── SOURCE DATA
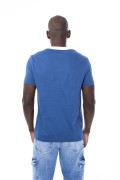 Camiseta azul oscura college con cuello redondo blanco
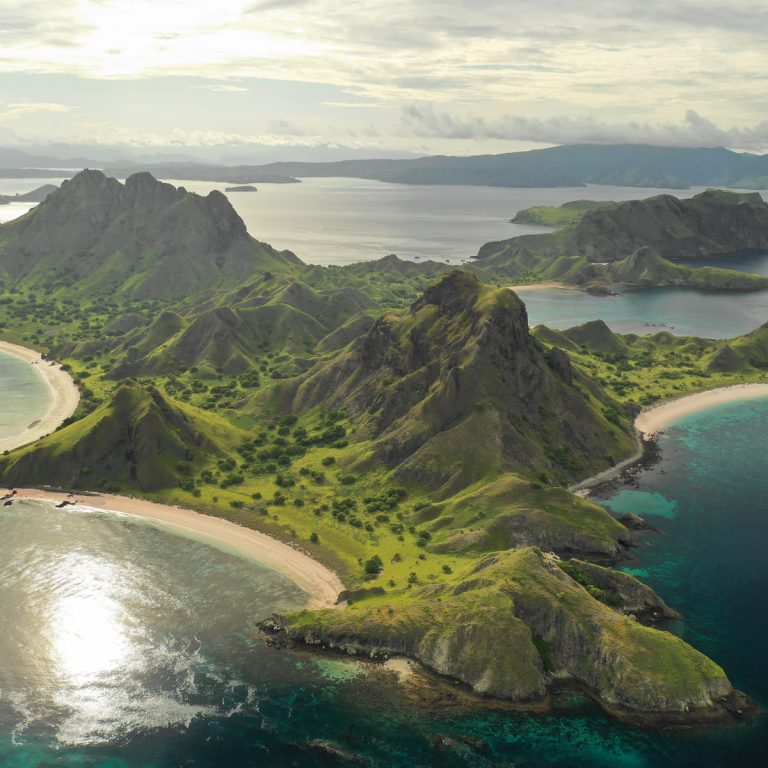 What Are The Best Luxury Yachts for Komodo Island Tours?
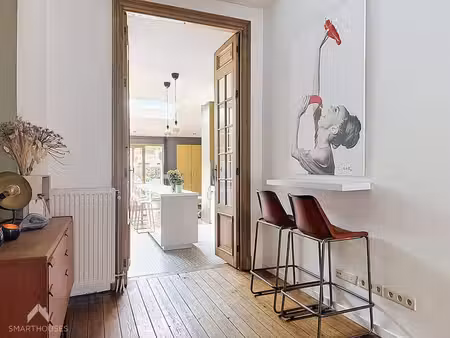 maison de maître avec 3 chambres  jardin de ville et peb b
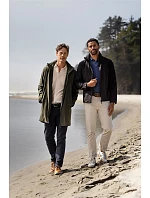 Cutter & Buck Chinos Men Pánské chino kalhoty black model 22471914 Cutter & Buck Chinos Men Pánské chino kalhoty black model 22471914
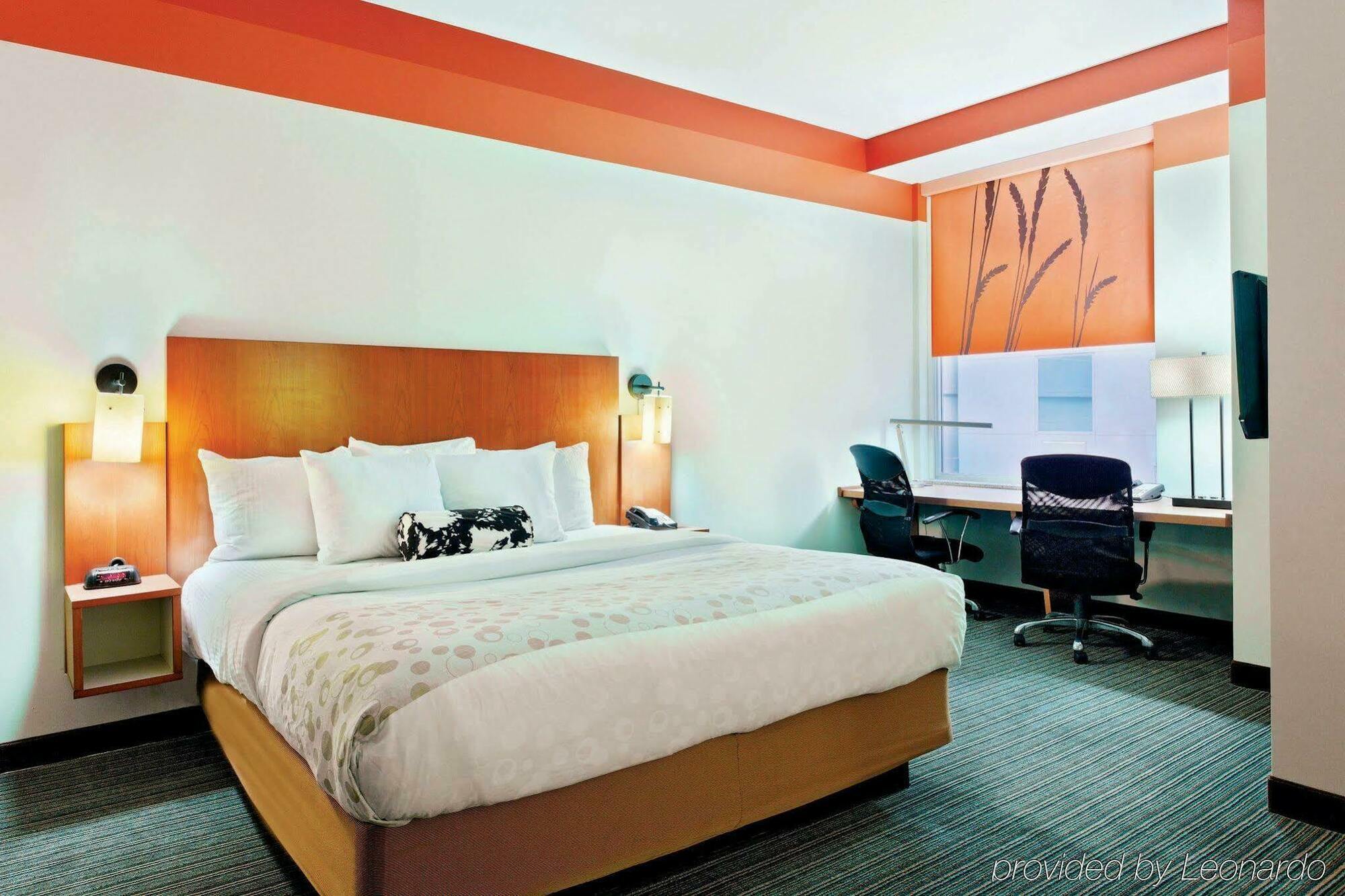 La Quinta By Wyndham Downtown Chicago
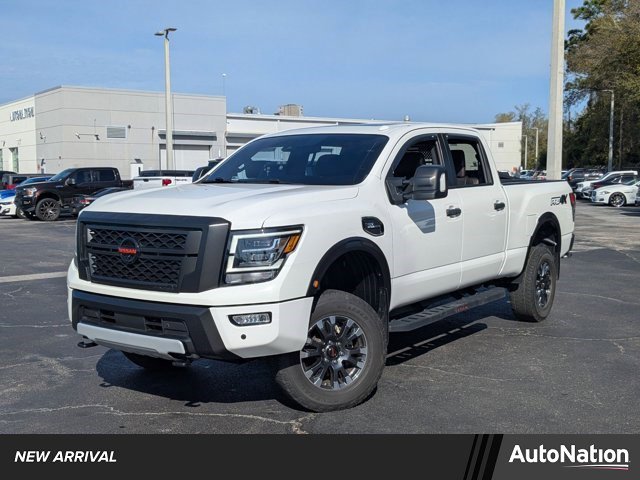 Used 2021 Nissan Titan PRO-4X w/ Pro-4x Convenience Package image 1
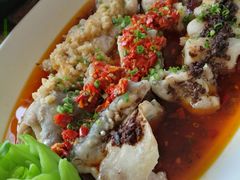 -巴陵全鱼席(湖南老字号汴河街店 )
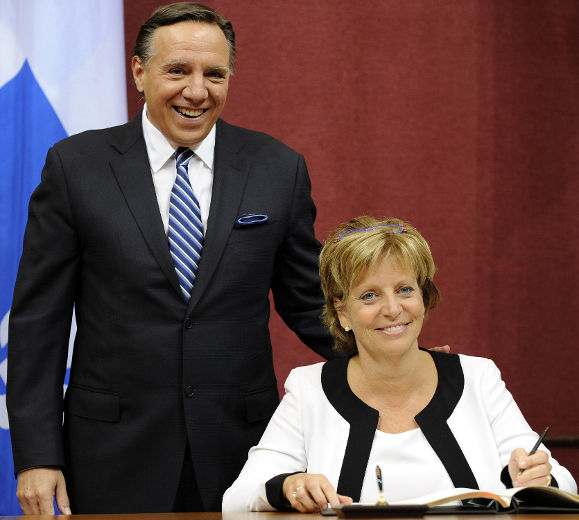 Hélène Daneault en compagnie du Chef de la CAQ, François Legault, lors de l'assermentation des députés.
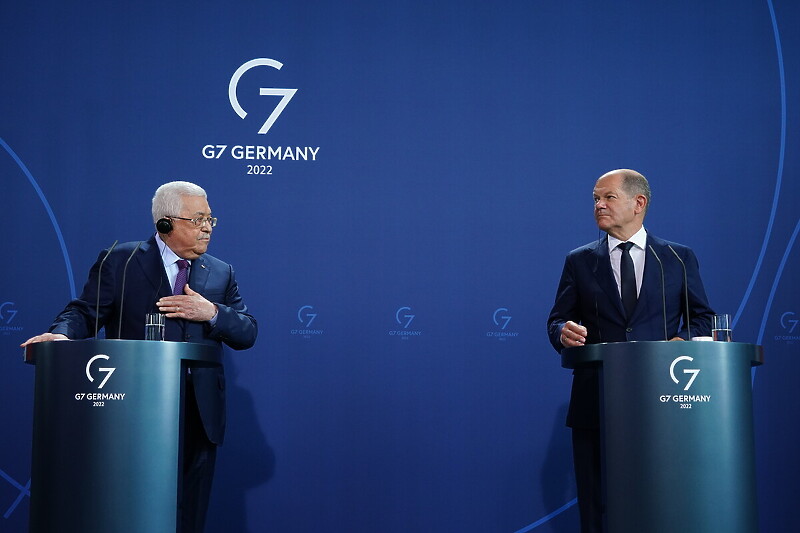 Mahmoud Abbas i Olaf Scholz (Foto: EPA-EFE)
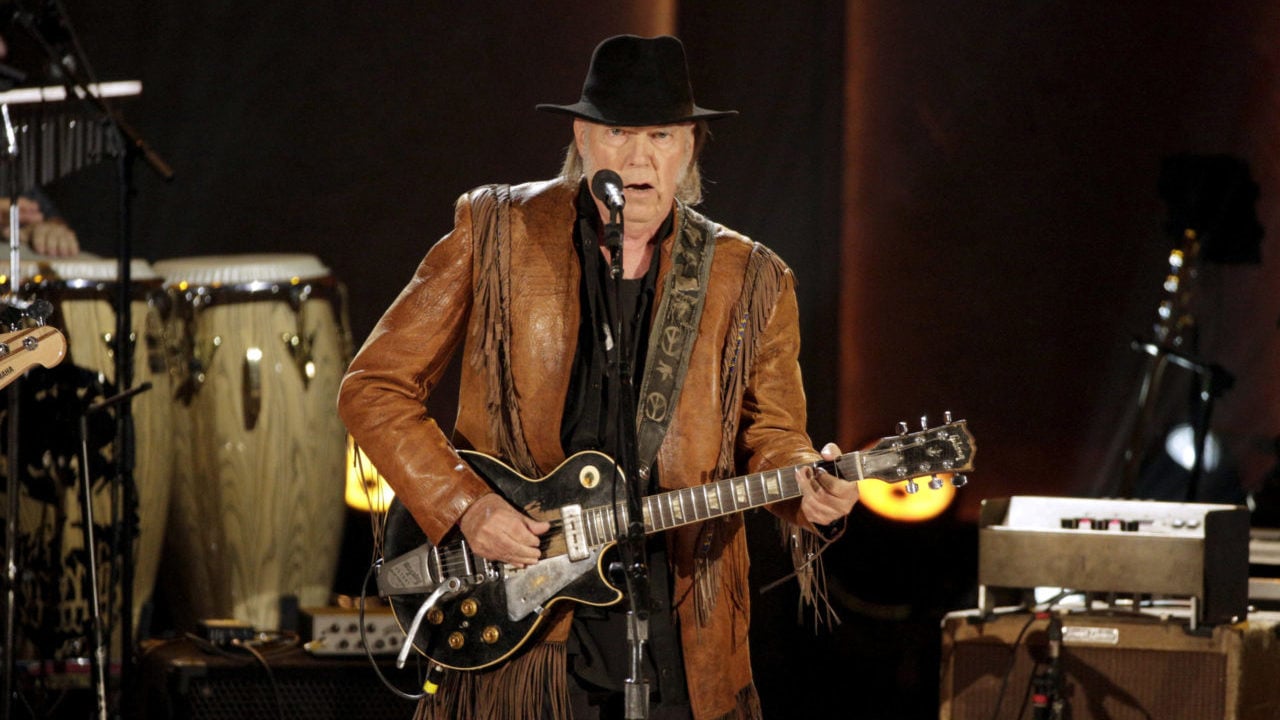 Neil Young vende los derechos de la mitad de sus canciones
────
The lines wanted are those from the one with "Hélène Daneault en" to the end of the entries above, repeated exactly, both ends included. Leave out the pictures.

→ ANSWER BELOW:
 Hélène Daneault en compagnie du Chef de la CAQ, François Legault, lors de l'assermentation des députés.
 Mahmoud Abbas i Olaf Scholz (Foto: EPA-EFE)
 Neil Young vende los derechos de la mitad de sus canciones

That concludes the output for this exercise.